DENOMINATOR INPUT (EUCLIDEAN NORM OF $T$ MULTIPLIED EUCLIDEAN NORM OF $Opt2$):

$(1,4,3,5) \rightarrow (1,4,3,6) \rightarrow (1,4,3,7) \rightarrow (1,4,3,8)$

DENOMINATOR OUTPUT:

$14.69 \cdot 7.14 \rightarrow 14.69 \cdot 7.87 \rightarrow 14.69 \cdot 8.66 \rightarrow 14.69 \cdot 9.48$

INCREASE IN OUTPUT (FROM PREVIOUS OUTPUT):

$10.72 \rightarrow 11.6 \rightarrow 12.04$

You can see that this is non-linear growth (no matter how small it is).

So this means that in the cosine similarity equation, you will have a numerator that grows linearly being divided by a denominator that is growing non-linearly ($2^2 = 4$ but $5^2 = 25$). This means the cosine similarity function exhibits a non-linear growth (it is growth in this case because the angle is acute, meaning the cosine of the angle will be positive). So with a larger input, your numerator with be linearly larger, but the denominator will be magnitudes larger. Meaning the change (increase) in your cosine similarity will be smaller (we want larger increase), the larger your input.

SO IN THE END: In the vector $(1,4,3,4)$, if you want to have a higher cosine similarity with vector $(4,8,6,10)$ by matching its proportion. Going from the magnitudes $1 \rightarrow 2$ is more beneficial for cosine similarity (if you want a higher cosine similarity) than going from the magnitudes $4 \rightarrow 5$ And that is why I think that cosine similarity does depends on magnitude.

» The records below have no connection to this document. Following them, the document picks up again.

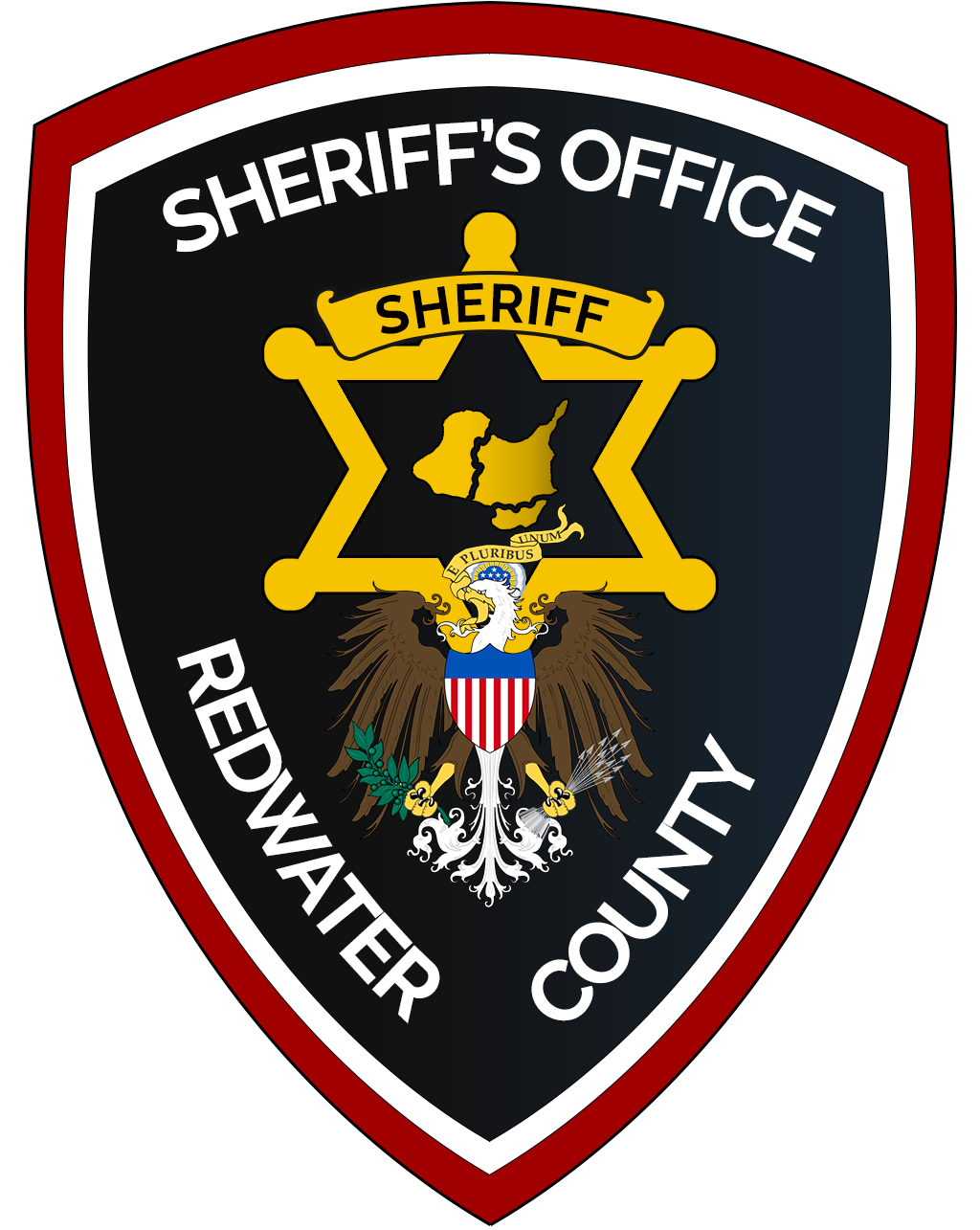 RCSO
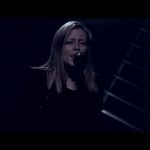 Frau Wolf, Neues Video – Alexander der Große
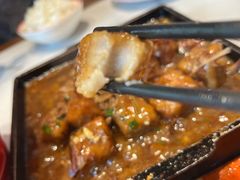 -金陵后厨·南京菜(新街口秣陵路店)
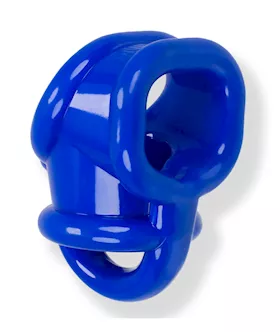 Ballsling Cocksling With Splitter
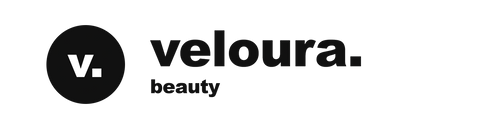 Veloura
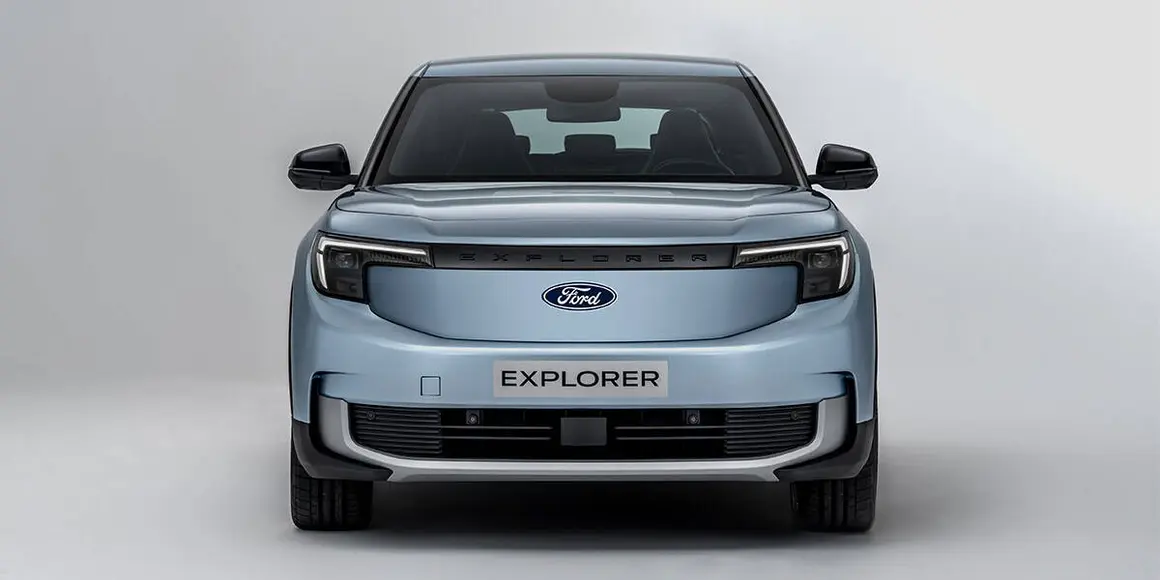 Ford-Explorer_frontal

MY QUESTION: Why does everyone say that cosine similarity does not depend on magnitude? When it seems that it does (if you are choosing what dimension to change in a vector to increase cosine similarity)! Am I correct in my thinking? Did I make a massive error or miss-step? Did I completely blind side a totally obvious answer? Please let me know! I would like to see if I am the scary math magician after all and I was doing math magic from the start (incorrect math).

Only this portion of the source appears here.